By DAMIEN FISHER, InDepTHNH.org
Grafton County taxpayers were charged close to $9,000 to investigate an alleged affair between county employees, but they don’t get to know about it.
Grafton County’s Human Resource Department initiated the investigation in the summer of 2021 after learning of the alleged affair involving Grafton County Correction employee Nicole Cremo and her boss, according to court records. Cremo is the alleged victim in the stalking case against former Lebanon Police Lt. Richard Smolenski.
The county is refusing to make public the report from the employment law firm Jackson and Lewis, citing attorney client privilege when InDepthNH.org filed a right-to-know request this week.
The county is also refusing to make public emails sent and received by county officials dealing with the investigation, saying it is covered by an exemption for personnel issues, and releasing the emails could constitute an invasion of privacy.
What is known is that the county hired Jackson and Lewis, a national law firm with an office in Portsmouth to investigate the alleged affair sometime in June of 2021. Smolenski was charged the same month with stalking Cremo and threatening to send damaging information and intimate photos to friends, family, and her employers.
Records the county did release show Jackson and Lewis sent three invoices totaling a little more than $8,600 for the investigation. The charges include multiple witness interviews and conversations with different attorneys.
Cremo’s attorney, Robin Melone, has denied that Cremo was a subject of the investigation by the county.

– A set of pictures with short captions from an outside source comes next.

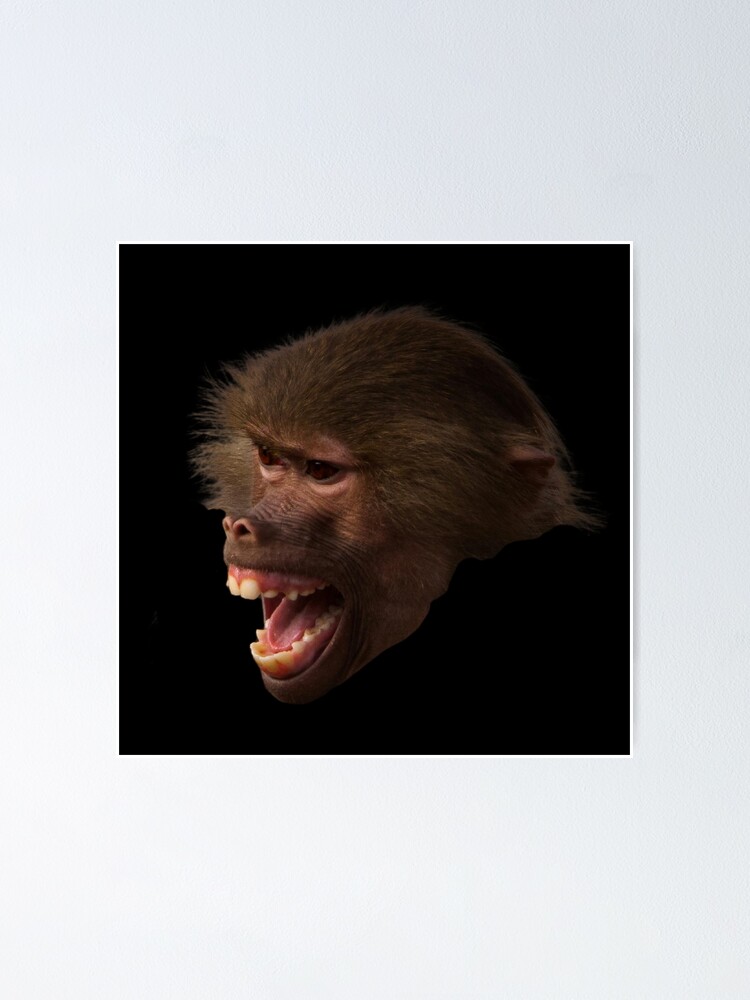Imagen 1 de 3, Póster con la obra Angry Monkey Funny Meme Art, diseñada y vendida por AndenSol.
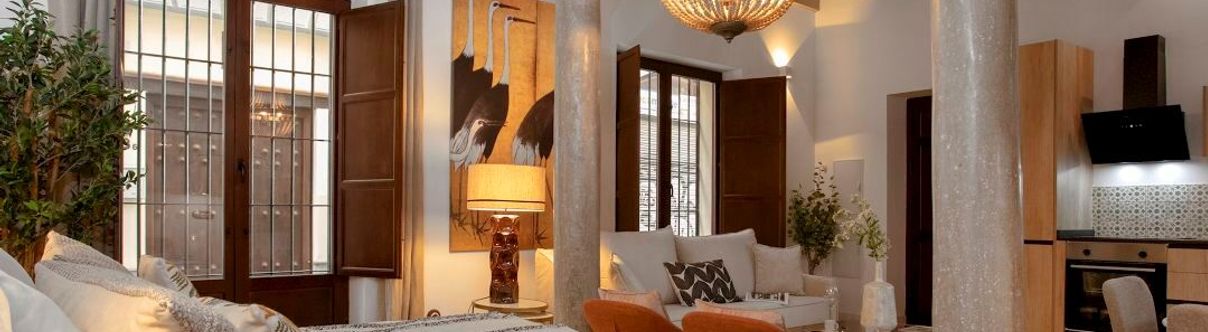 Others Exclusive studio in Granada center. Horno Marina 1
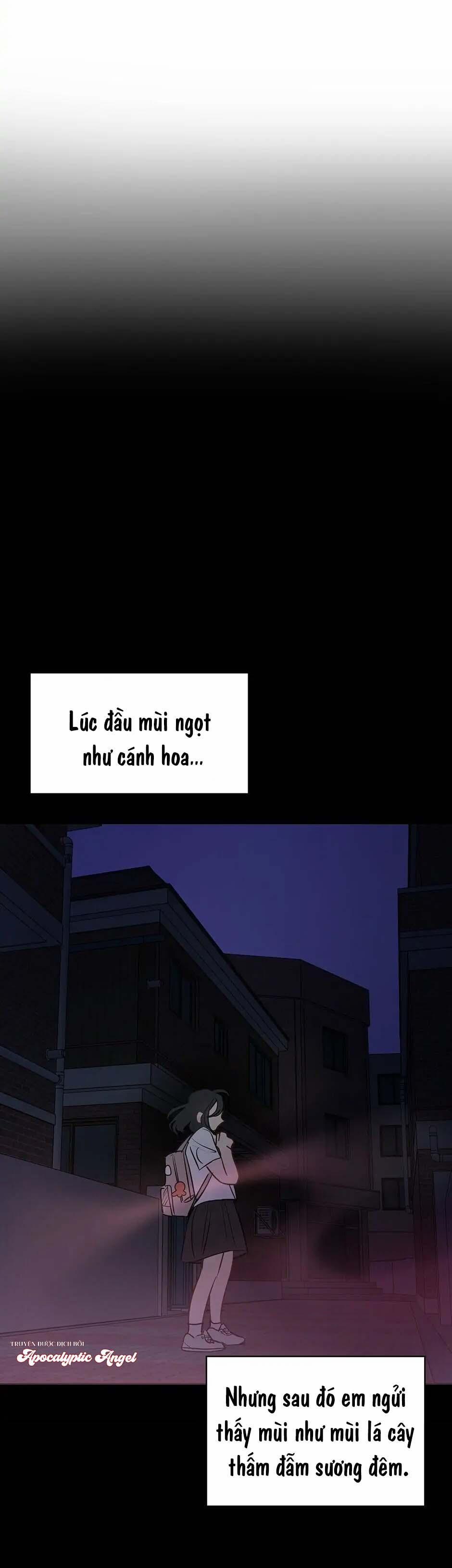 Liệu Rằng… Đây Có Phải Chỉ Là Một Giấc Mơ Không!? 23 trang 3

The invoices show that Melone was in communication with Jackson and Lewis attorneys as part of the investigation.
Lebanon District Court Judge Michael Garner gives a hint about the thrust of the investigation in an order issued last month in Smolenski’s criminal case.
“(Smolenski) is charged with stalking on specific allegations that he sent the victim emails threatening to release embarrassing photos of her and information about her including information that she had an affair with her boss,” Garner wrote in a Feb. 16 order. “Both the victim and her boss were employees of Grafton County. Per the State, Grafton County Human Resources, presumably a county agency, hired an attorney to conduct an investigation of the claim about the affair; the attorney generated a report.”

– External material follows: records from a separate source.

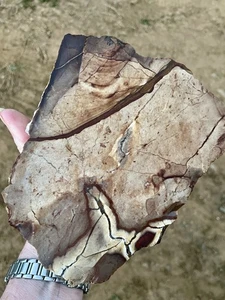 3,7 Pfund Biggs Bild Jaspis geschnitten Lapidar grob von Biggs, Oregon - Bild 1 von 7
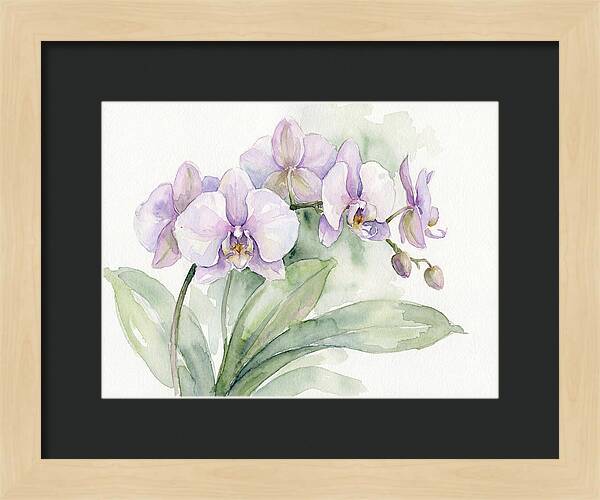 Orchid Elegance In Watercolor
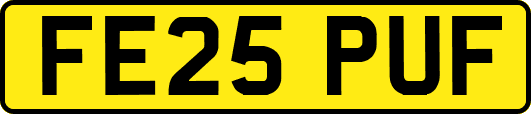 FE25PUF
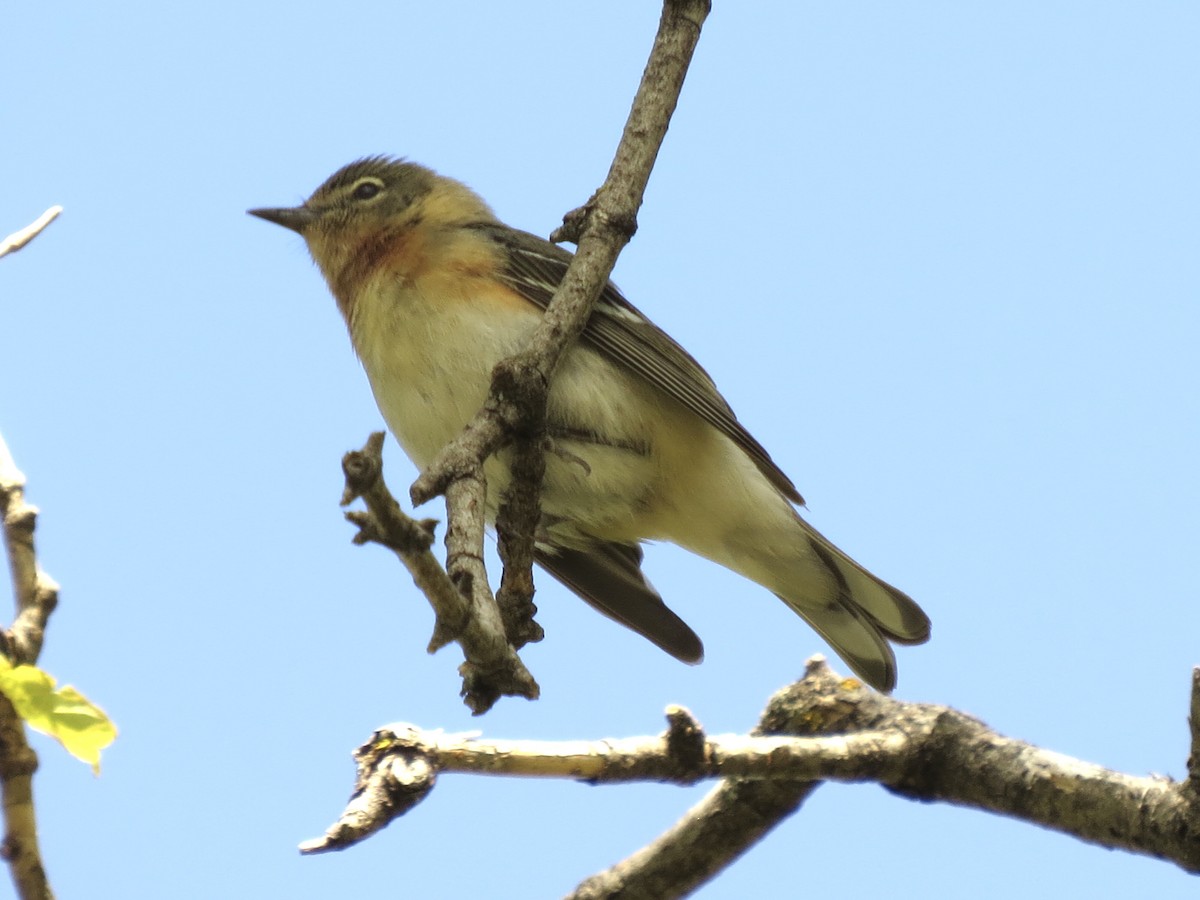 Bay-breasted Warbler - ML619195805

Garner is considering releasing the interview recordings and other materials compiled by Jackson and Lewis through its investigation as part of the criminal case. Smolenski was supposed to start trial this week on the stalking charges, but that has been delayed again after his attorney, Anthony DiPadova, filed a motion for the report and the materials. The report will not be released as Garner agrees it falls under attorney/client privilege.
Smolenski had been with Lebanon for years, working his way up to being the department’s prosecutor, before he was fired in the wake of the stalking investigation. However, this was not the first time Smolenski broke the rules as a police officer over an affair.

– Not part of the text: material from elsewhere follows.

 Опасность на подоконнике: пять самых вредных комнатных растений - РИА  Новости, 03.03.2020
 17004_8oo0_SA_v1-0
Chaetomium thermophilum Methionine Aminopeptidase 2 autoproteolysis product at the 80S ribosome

Smolenski was disciplined for having an extramarital affair with an 18-year-old woman while on duty and in uniform in 2006. He received a three-day suspension and six months probation for the affair and sexually inappropriate emails he sent while on duty. He also got involved in a harassment case involving the teen, and ordered someone with whom she had a conflict to stop harassing her, according to court records.
The New Hampshire Attorney General’s Public Interiority Unit is now reviewing the case of Scott Traudt, who served a year in jail after being convicted of assaulting a Lebanon police officer. Smolenski was a key witness in the trial. Traudt proved through a series of lawsuits and right-to-know requests that the state hid Smolenski’s 2006 discipline case even though it should have been handed over to the defense before the 2008 trial.